For many, makeup can be critical in constructing their queer identity. For others, it is constrictive. Danni Glover considers the role cosmetics play in her own identity.
Before I start this column, let me just put my face on. There! That’s better. As I write, I am wearing a new lipstick in an orangey-red hue that I thought wouldn’t suit me, purchased on a whim in a premium brand’s sale. I am leaving traces of tangerine promise on my coffee cup, on the tip of the pen I keep in my diary, on my lover’s forehead as I raced out the door. I look good. I feel good. I like the boldness of my tinted eyebrows next to the sensual fuzz of my undercut; the sweep of warm pink blush gesturing to the metal hoops in my nose; lacquered nails hammering out a queer discourse on my computer. I like makeup.
For me, doing my makeup is part self-care ritual, part evasiveness. I didn’t actually wake up like this. I woke up pale, with dark under-eye circles and light acne, mild skin complaints and wild bedhead. And I tinted, and blended, and buffed until I felt like myself again. True, when I analyse this sacramental rite, I am discomforted by my reasons. I just like the way I look a bit less without a bit of shimmer. My head feels less tidy. I’m not as put together, not as capable of professionalism or inventiveness. I wonder sometimes – often – if part of this is the closet demon whispering its old poison. If I am painting on the face of a straight person who was born with the roadmap for navigating gender that I’ve always been missing, to deflect from the visible markers of my queerness.

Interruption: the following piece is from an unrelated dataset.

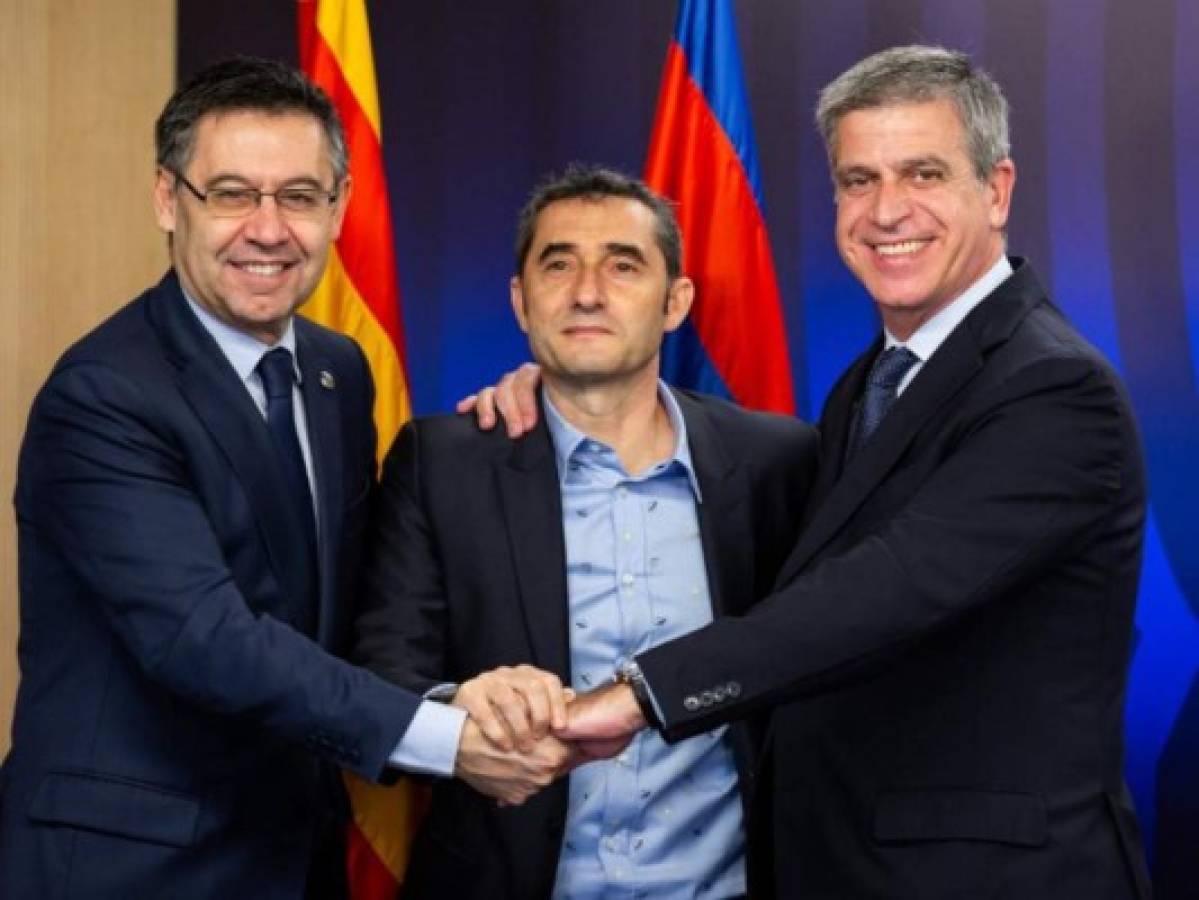 El FC Barcelona renueva a Valverde por una temporada, con opción a una más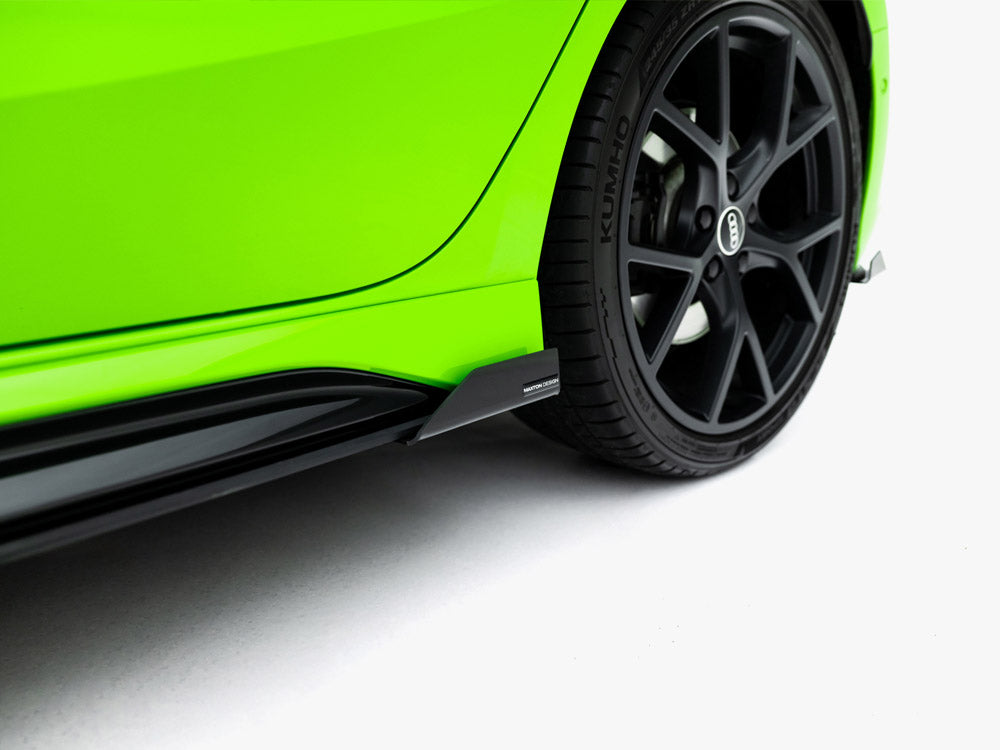 Audi - RS3 Sportback 8Y Facelift: Maxton Side Flaps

It’s complicated. I used to use makeup as a marker of difference. I was a teenage goth with heavily lined eyes and Fabulous Stains hair and, in that time of defining my identity privately, I found a way to experiment with it publically. Now, when I feel secure and comfortable – not to mention out – I’m less conscious of this. I wouldn’t say my look gets me much credit in the straight world, but I’m less inclined towards weirdness for weirdness’s sake. Not that there’s anything wrong with that. In fact, I think part of the failure of the modern LGBTQ+ movement is the undercurrent of heterogeneity, that we must strive to be more like cishet people in order to enjoy the same rights as them. Nah. Wave your weirdness, I say. Or maybe extol your exuberance.
I wonder sometimes – often – if part of this is the closet demon whispering its old poison. If I am painting on the face of a straight person who was born with the roadmap for navigating gender that I’ve always been missing, to deflect from the visible markers of my queerness.
I remember hearing the word “femme” for the first time, as a confused but visibly queer teenage feminist, and feeling celebrated. Here was an identity I could get behind. It was feminine, but a protest. It questioned what the word “feminine” meant. It put the means of definition into our own hands: The Rocky Horror Picture Show and the New York Dolls informed my identity as much as Elizabeth Taylor and MAC Cosmetics campaigns. I still feel celebrated by that word, but in too many ways it fails us. Like a smear of concealer, it covers up enforced femininity for trans women, neglect for non-binary or gender fluid people. Why are Marilyn Monroe and Dita von Teese conventionally seen as femme icons but not Anna May Wong or Missy Elliott? (Hopefully the rise of legendary children Laverne Cox and Beth Ditto are waves of a changing tide, beautiful in diversity and visibility.) Whose beauty and femininity is defiant and empowering, and whose is overlooked? And why are any of us complicit in a beauty convention which encourages female-identified people to be hairless, thin, white, and rich enough to pay for it all? That perpetuates a myth that if you don’t participate you are messy and if you do you are not serious enough? This is not even to speak of those who are not female identified but who want to play with makeup without shame, assumptions, or coy euphemisms such as “guyliner”.
Why are Marilyn Monroe and Dita von Teese conventionally seen as femme icons but not Anna May Wong or Missy Elliot?
My navel-gazing is not saying anything new, but perhaps it’s giving a voice to my own internal conflict. I like the way makeup makes me feel, which I suppose is the crux of the argument, but I don’t like that it feels mandatory. As a woman I’ve been attacked and discriminated against for being too feminine and for not being feminine enough; as a queer person, I’ve been ostracised and pigeonholed. And still, I buy the lipstick. I tweeze the brows. I paint the nails. And I like it. I feel confident and bold, and more than that I feel certain in myself. If my body is a temple, surely I deserve to decorate it, for me and for those who worship me.